Григорий Бакланов - Друзья
Привстав, Андрей протягивал газовый огонек зажигалки, а в трубке уже другой был голос. Молодой, умягчающий слух, с бархатистыми нотками:
— Андрей Михайлович? Это вас химики беспокоят. От товарища Николаева.
«Беспокоят…» Ох, беспокойте нас, беспокойте! И удивлялся себе одновременно: что так спокойно ему? Словно не про него речь.
— Сейчас с вами будет говорить лично Константин Прокофьевич.
Как будто даль открылась там: слышны стали голоса и шум какой-то. Но все же рано включили кабинет: как раз Николаев спрашивал грубовато: «Как его имя-отчество?»
За это время Андрей и сам прикурил и затянулся хорошо так пару разочков. «Андрей Михайлович», — подсказали там.
— Андрей Михайлович? — раздалось в трубке. — Здравствуйте. Вы могли бы сейчас приехать к нам?

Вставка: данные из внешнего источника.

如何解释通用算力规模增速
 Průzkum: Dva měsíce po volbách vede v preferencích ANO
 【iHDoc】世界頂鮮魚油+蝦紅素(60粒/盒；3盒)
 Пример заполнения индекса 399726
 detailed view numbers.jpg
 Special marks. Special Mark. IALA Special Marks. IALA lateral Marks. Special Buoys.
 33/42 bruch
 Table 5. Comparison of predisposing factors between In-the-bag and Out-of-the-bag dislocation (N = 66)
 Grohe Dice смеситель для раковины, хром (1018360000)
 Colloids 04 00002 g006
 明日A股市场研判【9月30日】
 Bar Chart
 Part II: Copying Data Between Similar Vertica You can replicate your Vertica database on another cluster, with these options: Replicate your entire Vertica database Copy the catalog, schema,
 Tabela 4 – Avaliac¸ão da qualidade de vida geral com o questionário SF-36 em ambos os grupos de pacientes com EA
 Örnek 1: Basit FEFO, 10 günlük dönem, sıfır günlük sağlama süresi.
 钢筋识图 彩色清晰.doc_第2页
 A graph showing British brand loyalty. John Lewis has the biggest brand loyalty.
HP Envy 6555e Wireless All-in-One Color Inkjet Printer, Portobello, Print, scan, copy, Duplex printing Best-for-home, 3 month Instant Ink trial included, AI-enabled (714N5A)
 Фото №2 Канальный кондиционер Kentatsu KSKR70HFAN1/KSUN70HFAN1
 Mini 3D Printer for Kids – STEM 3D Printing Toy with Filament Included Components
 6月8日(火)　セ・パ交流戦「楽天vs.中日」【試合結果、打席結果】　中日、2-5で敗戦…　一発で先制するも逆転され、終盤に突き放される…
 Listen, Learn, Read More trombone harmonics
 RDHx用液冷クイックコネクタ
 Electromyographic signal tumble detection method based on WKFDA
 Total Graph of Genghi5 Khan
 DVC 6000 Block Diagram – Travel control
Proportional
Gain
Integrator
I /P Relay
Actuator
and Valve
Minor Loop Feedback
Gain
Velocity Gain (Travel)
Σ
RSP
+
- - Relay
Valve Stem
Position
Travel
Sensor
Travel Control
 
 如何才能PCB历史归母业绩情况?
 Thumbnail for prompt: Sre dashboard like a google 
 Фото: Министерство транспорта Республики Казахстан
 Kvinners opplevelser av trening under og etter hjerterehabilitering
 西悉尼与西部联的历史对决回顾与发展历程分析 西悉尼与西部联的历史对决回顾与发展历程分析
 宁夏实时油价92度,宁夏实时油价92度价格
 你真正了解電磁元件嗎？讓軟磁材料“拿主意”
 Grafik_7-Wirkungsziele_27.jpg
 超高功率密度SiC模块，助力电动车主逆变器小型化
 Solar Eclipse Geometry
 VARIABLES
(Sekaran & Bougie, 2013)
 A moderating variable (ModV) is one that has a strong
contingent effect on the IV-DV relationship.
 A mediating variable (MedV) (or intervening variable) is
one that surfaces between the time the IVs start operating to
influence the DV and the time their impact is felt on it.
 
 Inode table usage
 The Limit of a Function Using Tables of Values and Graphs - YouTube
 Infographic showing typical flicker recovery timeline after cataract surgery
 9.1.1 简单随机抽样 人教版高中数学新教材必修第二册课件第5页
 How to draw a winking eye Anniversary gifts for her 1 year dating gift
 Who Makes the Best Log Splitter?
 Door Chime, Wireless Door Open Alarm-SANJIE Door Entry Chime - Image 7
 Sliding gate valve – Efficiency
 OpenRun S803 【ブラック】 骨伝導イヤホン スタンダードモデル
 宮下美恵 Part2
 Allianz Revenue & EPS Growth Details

«К нам». Не «ко мне». И отчество подождал. Это где-то без отчества обходятся, а в России оно не просто далось, потому и многое значит. Вот если по отчеству, разговор приобретает смысл.
— Смогу, — сказал Андрей.
А все что-то в нем упиралось. Потому, наверное, что это последние минуты, пока он еще свободен, пока ему нечего терять.
— Машина за вами выходит.
Время опять начало разгоняться. А пока что они сидели с Полиной Николаевной и курили. Как перед дальней дорогой.
— Кажется, жизнь запускает меня на новый виток, — сказал Андрей.
И показалось ему, что Полина Николаевна вдруг быстро зашептала что-то про себя.
Он засмеялся, сжал ее руку:
— Милая Полина Николаевна!
Честное слово, он был тронут.
Его ввели в директорский кабинет в тот момент, когда совещание там кончилось.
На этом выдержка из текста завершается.